Collection entries:
******************************
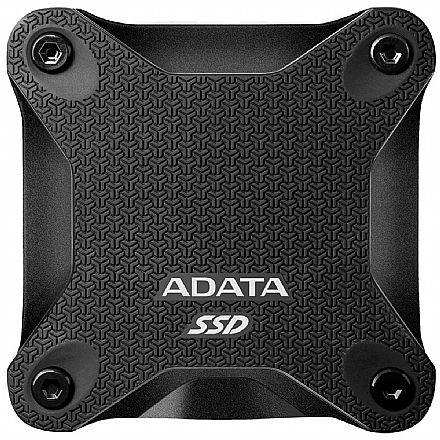SSD Externo 240GB Adata SD600Q - USB 3.0 - Leitura 440MB/s - Gravação 440MB/s - ASD600Q-240GU31-CBK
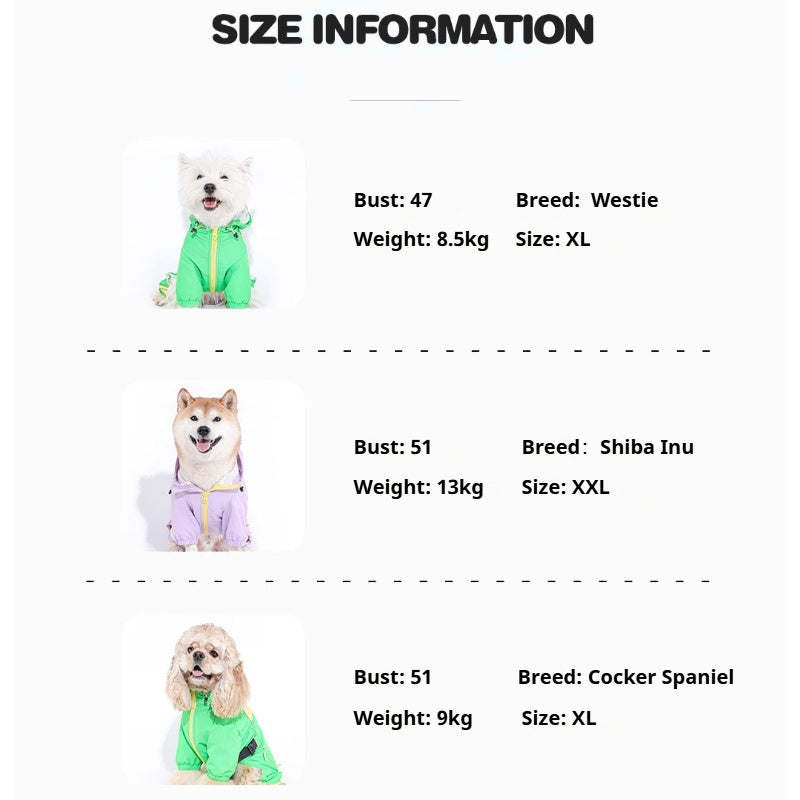 MookiPet® Windproof & Waterproof Jacket for Dogs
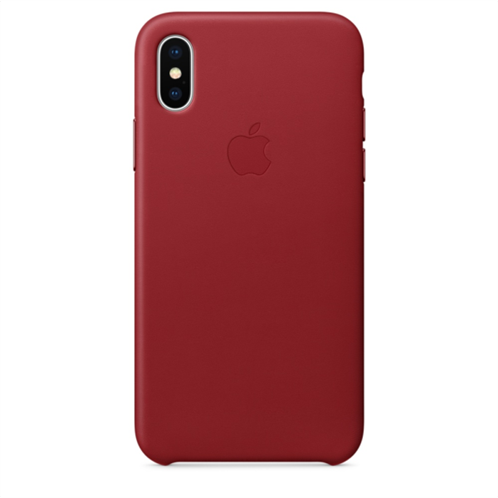 Apple Leather Case iPhone X Red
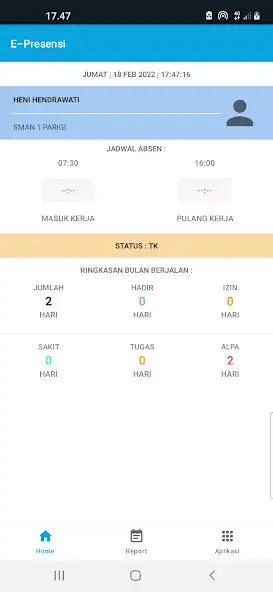 Play E-Presensi SMAN 1 Parigi as an online game E-Presensi SMAN 1 Parigi with UptoPlay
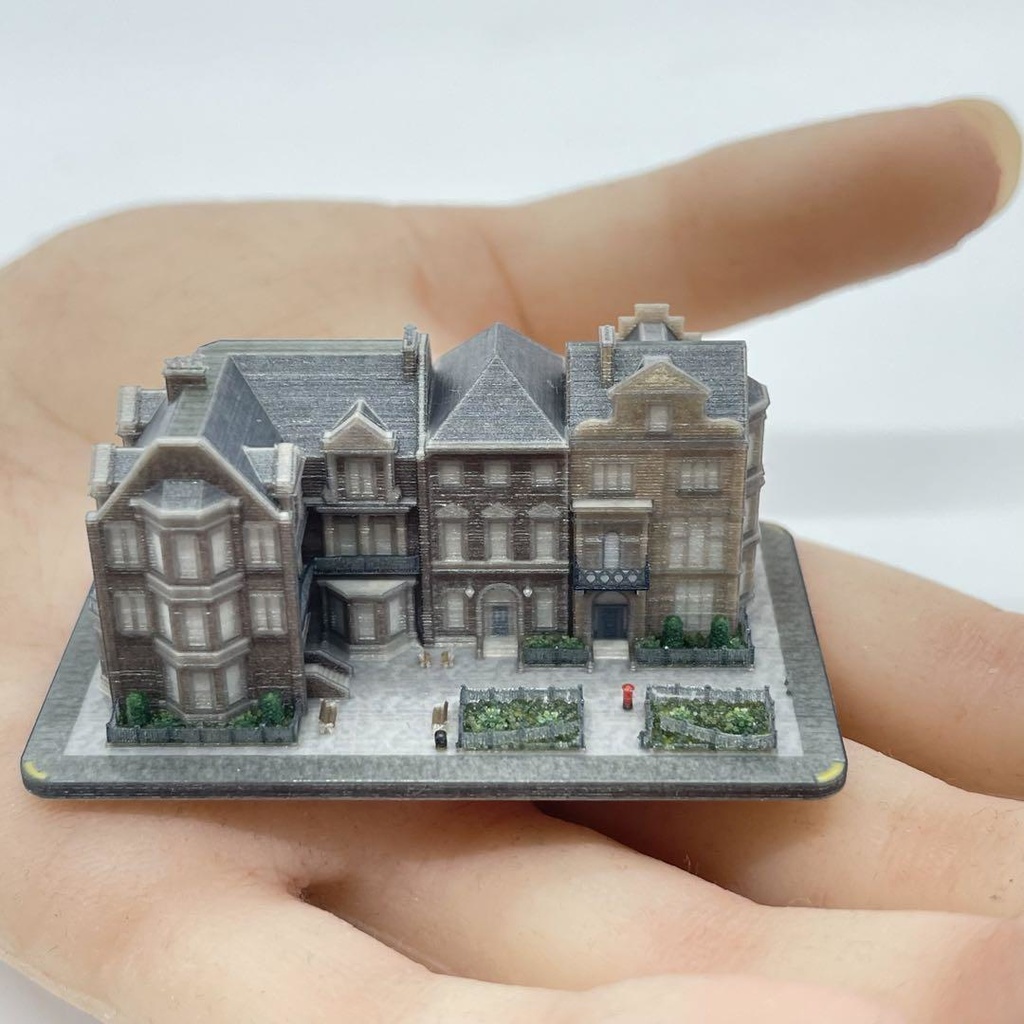 1/700 KT-001 豪邸 建物 お城 ジオラマ 住宅模型 建築模型 ミニチュア ドールハウス ミニチュアイメージ 3D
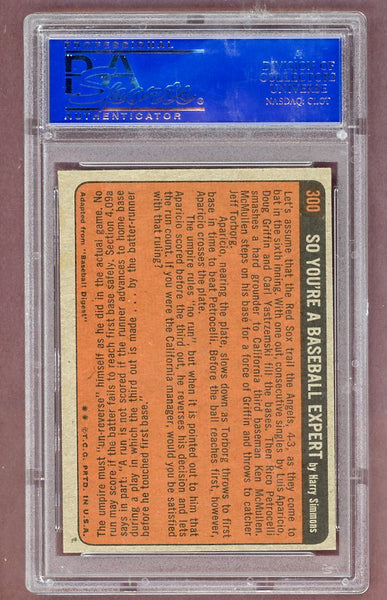 1972 Topps Baseball #300 Hank Aaron IA Braves PSA 8 NM/MT mc 523266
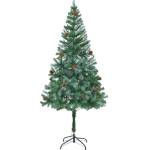 vidaXL Изкуствено коледно дърво с шишарки, 180 см (60178)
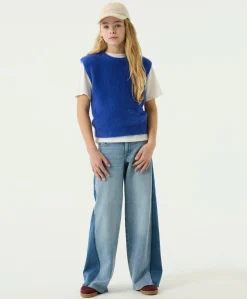 Meisjes trui blauw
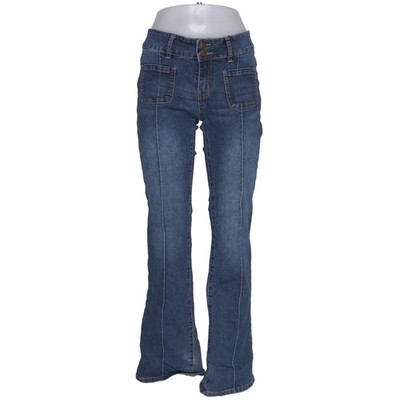 Madlady, Jeans, Größe: 38, Blau, Baumwolle/Elasthan/Recyceltes Polyester #Rdr
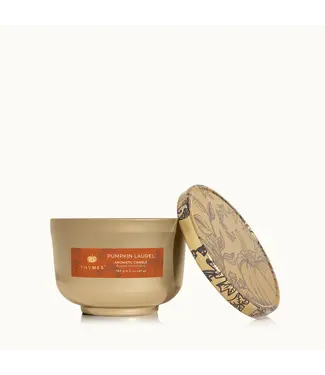 Thymes Pumpkin Laurel 6.5oz Universal tin candle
******************************
### What is being asked:
The copy should hold exactly the lines from the one containing "Meisjes trui blauw" through the final line of the records above, both ends included, and no picture.

### Answer to this problem:
 Meisjes trui blauw
 Madlady, Jeans, Größe: 38, Blau, Baumwolle/Elasthan/Recyceltes Polyester #Rdr
 Thymes Pumpkin Laurel 6.5oz Universal tin candle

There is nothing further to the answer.